ーー外来種のカメを目撃し、さらに持参した料理を返された津田さんが豹変。それまでの、ほのぼのとした雰囲気が、一瞬にして変わりました。

川瀬演じている僕が感じたことですが、最初は古き良き日本の田舎というニュアンスで、田舎の楽しい暮らしを描いていました。でも、津田さんが来たところから、突然、照明などの色も含めて一変。それまでの牧歌的なシーンとの「ギャップ効果」を、監督は意図的に狙ったんだと思います。

ーー三枝さんの役で、外面の良さと家族といる時の不思議なギャップが良かったのですが、監督から何か指示はありましたか?

三枝監督は本当に何も言わないんです。まず演じてみるのですが、監督にひとつ質問すると、ちゃんと200ぐらいの答えが返ってくるんです。監督の中では明確な意図があるのですが、それを私にわざわざ説明する訳ではなく、最初に好きにやらせて頂けたので、それがとても有り難かったです。(監督へ)ありがとうございました(笑)

永山監督何で今さら・・・(笑)

ーー監督は本当に何も指示しないのですか?

三枝監督が楽しくなってきて、やってる最中に「もっと、あーしようこうしよう」ということはありました。津田さんと夜のシーンで、撮りながら枕元で「じゃ次、こういうこと言ってみませんか」「名前を呼んでみましょう」と、監督が楽しんでいらっしゃったのは記憶にあります(笑)。でも比較的自由に、いろんなことをやらせて頂きました。私自身が、今回やらせて頂いた奥さん役に対し、すごく共感できる部分と全く共感できない部分があって、とても面白かったんです。「あ、こういう人いるよね〜」と彼女に対してイヤな思いを持っている自分もいますが、彼女は別に悪いことをしている訳ではない。全力で自分の好きなことを、ただただ一所懸命にやっているだけ。なのに、こちら側からするとイイ気持ちがしない。最近よく「そういう人」を見かけるなと思っていたところだったので、とてもいい役と出会わせていただいたな〜と思いました。(監督へ)ありがとうございました(笑)。

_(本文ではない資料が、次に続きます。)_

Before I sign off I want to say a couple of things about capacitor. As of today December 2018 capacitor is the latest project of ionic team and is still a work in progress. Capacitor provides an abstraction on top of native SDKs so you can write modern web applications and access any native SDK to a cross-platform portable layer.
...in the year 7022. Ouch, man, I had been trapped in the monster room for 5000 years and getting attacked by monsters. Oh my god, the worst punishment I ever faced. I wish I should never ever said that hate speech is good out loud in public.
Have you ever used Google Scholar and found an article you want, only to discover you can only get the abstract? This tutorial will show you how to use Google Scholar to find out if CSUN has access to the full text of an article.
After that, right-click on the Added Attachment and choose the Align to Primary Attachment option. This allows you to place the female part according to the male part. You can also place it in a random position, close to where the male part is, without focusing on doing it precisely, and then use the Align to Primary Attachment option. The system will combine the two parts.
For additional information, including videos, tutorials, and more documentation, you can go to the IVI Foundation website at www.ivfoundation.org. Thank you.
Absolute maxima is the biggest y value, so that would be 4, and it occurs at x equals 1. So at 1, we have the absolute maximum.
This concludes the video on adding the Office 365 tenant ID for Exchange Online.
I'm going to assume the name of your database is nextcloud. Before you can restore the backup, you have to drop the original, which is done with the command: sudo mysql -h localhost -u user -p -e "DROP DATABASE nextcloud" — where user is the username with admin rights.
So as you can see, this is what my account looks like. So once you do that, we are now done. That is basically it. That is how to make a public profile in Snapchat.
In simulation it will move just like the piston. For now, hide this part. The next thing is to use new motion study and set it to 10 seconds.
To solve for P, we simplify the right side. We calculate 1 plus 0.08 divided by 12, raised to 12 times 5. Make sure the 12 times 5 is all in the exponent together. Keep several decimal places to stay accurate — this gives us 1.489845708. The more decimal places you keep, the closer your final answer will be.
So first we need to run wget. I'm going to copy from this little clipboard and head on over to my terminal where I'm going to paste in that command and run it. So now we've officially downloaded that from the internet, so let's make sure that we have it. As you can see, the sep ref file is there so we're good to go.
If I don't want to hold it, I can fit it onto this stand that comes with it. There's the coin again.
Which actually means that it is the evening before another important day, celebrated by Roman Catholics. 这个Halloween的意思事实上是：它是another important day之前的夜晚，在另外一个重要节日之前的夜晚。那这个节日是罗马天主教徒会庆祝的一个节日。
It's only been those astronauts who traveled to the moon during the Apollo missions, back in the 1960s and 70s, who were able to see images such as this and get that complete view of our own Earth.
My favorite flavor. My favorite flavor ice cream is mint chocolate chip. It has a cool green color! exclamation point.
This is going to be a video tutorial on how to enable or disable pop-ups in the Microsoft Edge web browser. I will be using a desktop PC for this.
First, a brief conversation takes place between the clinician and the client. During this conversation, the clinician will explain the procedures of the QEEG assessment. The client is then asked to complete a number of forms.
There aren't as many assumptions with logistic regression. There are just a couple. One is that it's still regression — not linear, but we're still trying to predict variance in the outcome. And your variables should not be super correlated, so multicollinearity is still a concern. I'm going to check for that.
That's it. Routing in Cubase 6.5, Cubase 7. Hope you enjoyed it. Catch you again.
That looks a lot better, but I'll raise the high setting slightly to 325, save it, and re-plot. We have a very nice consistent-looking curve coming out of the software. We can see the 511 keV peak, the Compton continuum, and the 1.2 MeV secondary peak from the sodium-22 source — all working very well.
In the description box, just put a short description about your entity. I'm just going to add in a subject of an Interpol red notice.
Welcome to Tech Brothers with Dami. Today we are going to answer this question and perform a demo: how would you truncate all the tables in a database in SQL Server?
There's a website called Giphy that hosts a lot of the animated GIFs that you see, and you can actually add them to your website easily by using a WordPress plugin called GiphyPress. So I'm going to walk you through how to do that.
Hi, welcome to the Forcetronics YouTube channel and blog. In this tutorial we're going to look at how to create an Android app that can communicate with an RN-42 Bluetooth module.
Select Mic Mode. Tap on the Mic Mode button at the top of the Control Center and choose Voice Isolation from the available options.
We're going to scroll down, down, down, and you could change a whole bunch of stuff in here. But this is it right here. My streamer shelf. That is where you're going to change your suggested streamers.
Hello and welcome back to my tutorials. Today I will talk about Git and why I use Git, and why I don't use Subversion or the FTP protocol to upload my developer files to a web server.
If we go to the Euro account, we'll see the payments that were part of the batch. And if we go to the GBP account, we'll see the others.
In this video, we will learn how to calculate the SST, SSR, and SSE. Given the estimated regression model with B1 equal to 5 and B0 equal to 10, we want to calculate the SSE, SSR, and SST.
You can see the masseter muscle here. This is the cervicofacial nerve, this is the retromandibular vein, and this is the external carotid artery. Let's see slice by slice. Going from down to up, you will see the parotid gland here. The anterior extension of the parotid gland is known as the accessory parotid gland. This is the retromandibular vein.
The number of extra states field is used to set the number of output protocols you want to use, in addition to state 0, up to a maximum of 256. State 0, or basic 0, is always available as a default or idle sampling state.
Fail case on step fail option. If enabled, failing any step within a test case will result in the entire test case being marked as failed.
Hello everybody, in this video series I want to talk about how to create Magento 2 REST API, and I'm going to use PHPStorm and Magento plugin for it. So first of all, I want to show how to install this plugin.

ーー川瀬さんは、ボンゴ(パーカッション)を叩いていらっしゃいましたが音楽を?


川瀬音楽は好きです。永山くんとは音楽の趣味も合ったので、話はしていました。映画でボンゴを使おうと決まったのがいつだったかは覚えていませんが、撮影時にはボンゴに決まっていて、早々とボンゴを渡され「練習してください」と(笑)。まあ、兄がパーカッションをやっていたこともあり、楽器には慣れ親しんでいましたから、楽しかったです。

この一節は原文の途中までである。